A not so evil isp will fix this by adding a extra line or at least a extra 50mbit connection but this will cost them more money. The evil current ISP's will simply throttle traffic so your customers are paying for a 5mbit connection but there only able to use 1mbit of it for web browsing and downloading but can use all 5mbit/s of the bandwidth when sending unencrypted PDF files directly to another IP address.
(this is what ISP's today do, they throttle bandwidth intensive traffic and leave low bandwidth traffic alone. This allows them to sell you a high speed connection but offer you like 10% of the speed you are paying for all of the things you normally do on line and only allow your full bandwidth when doing something like sending a email or something else that doesn't need that speed)
So now you are throttling and because this now freed up some bandwidth, you add 40 more customers to your service. Now customers are again complaining about having dialup speeds on their 5mbit connection. so your solution now because you are a evil ISP ceo, you start bandwidth caps now all customers are limited to 5GB of bandwidth per month and this us upload and download combined and since a TCP connection is a 3 way handshake connection, you cant send or recieve data with out sending, TCP connections must send ACK SYN FIN RST packets to maintain a connection you download a 100MB file and you use about 120MB of bandwidth because of this bandwidth cap, your subscribers will be too scared to stream tv shows and movies online so they now use their connection for checking email and reading news articles and stuff for school work.
This has now freed up more bandwidth and you can add more customers. This is what ISP's do just on a larger scale in order to maximize profits.

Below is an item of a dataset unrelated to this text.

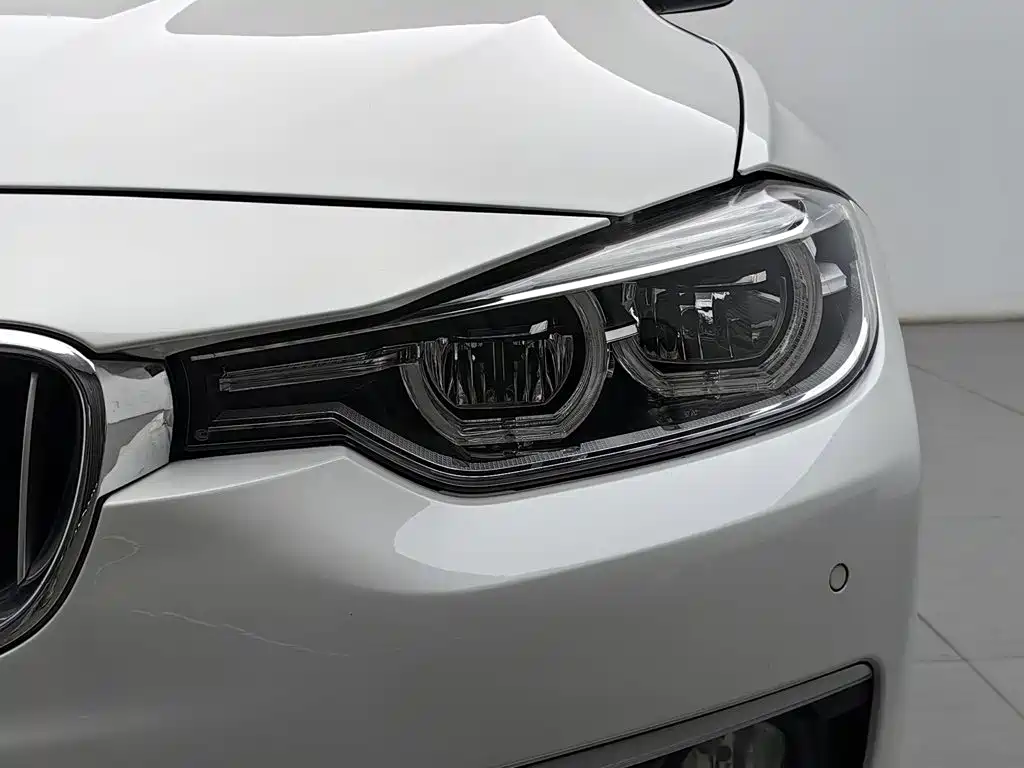 BMW 3 Series — миниатюра 7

If they design their network around not overselling then they will only make like 40-50% profit (when googling, on a very large scale like with comcast or verizon, it only cost them about 2-3 dollars a month to provide you with a 50mbit connection because of how large their network is and the bandwidth packages that take out) ISP's love to oversell because it is more profitable.
think of it like owning a pizza shop that charges $10 for a large pizza, but you only have 1 large pizza available in your shot and 5 people order the large pizza. so what you do, you take $10 from each of them and offer them a thin slice of pizza instead of the entire pizza. so for the production cost of 1 pizza, you get 5 purchases, the first initial purchase of the pizza gives you a 60% profit and the 4 additional purchases are 100% profit, this is what a ISP does to increase profit.
They do this because there is generally little to no competition, in most parts of the country, it is like this you either get comcast or dialup or you move somewhere else and it is either verizon or dialup or you move somewhere else and it is either time warner or dialup for almost everyone, dialup is not enough so it is not a option, so the ISP in your area has nothing to compete with so they have no reason to offer you good service.
Poor government control has allowed ISP's for the most part to be very anti-competitive and this hurts the consumers.